◆ **WORK ITEM**: Repeat only the lines below from the one containing "MARK4 V2 10inch" through the one containing "Nana I Love", inclusive, exactly as written.

[[ SUPPLIED DATA open ]]

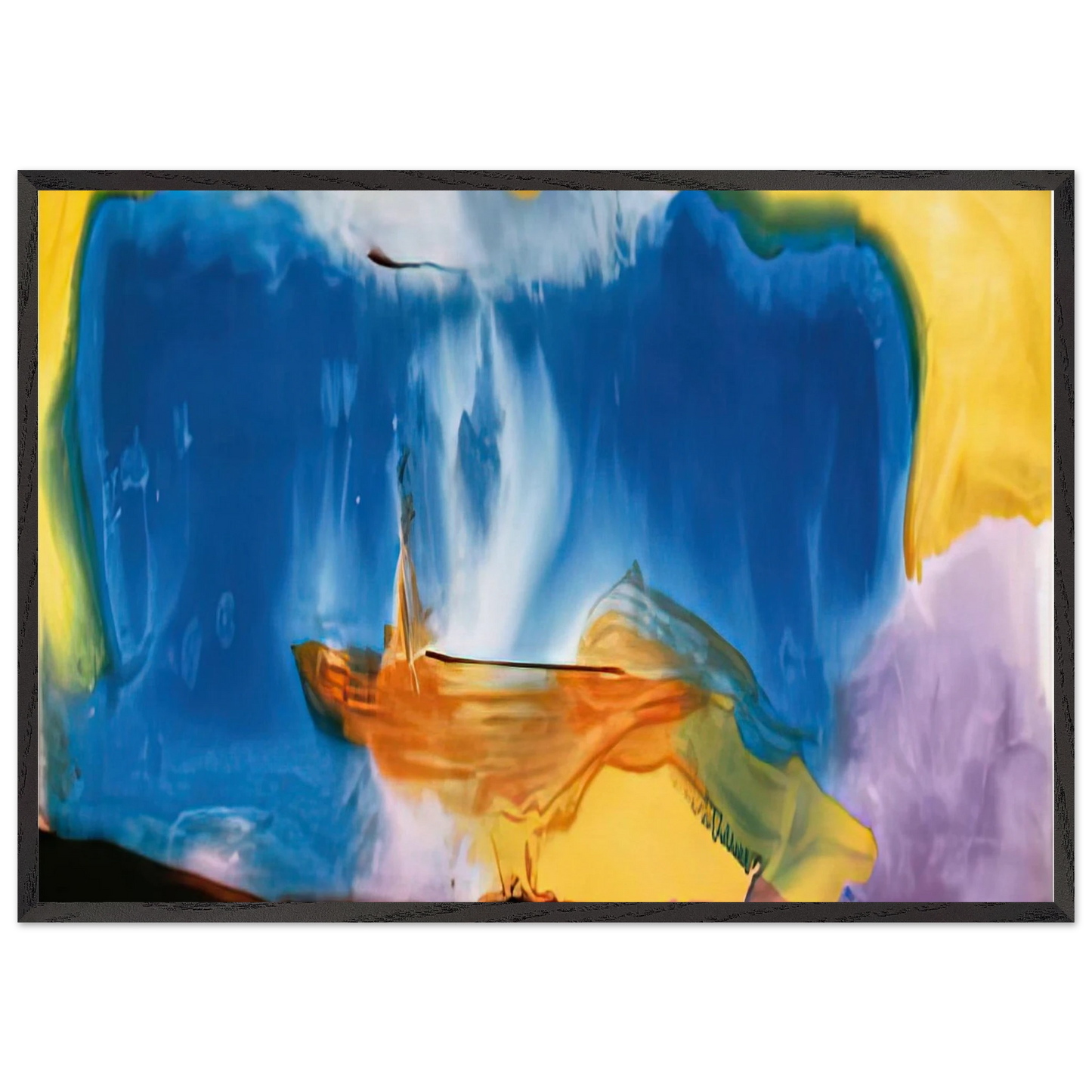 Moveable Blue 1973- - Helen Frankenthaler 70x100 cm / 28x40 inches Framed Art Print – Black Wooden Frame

[[ SUPPLIED DATA closed ]]
[[ SUPPLIED DATA open ]]

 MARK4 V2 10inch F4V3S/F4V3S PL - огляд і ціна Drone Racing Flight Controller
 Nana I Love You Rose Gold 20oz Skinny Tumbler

[[ SUPPLIED DATA closed ]]

◆ **THE COMPLETED TASK**:
 MARK4 V2 10inch F4V3S/F4V3S PL - огляд і ціна Drone Racing Flight Controller
 Nana I Love You Rose Gold 20oz Skinny Tumbler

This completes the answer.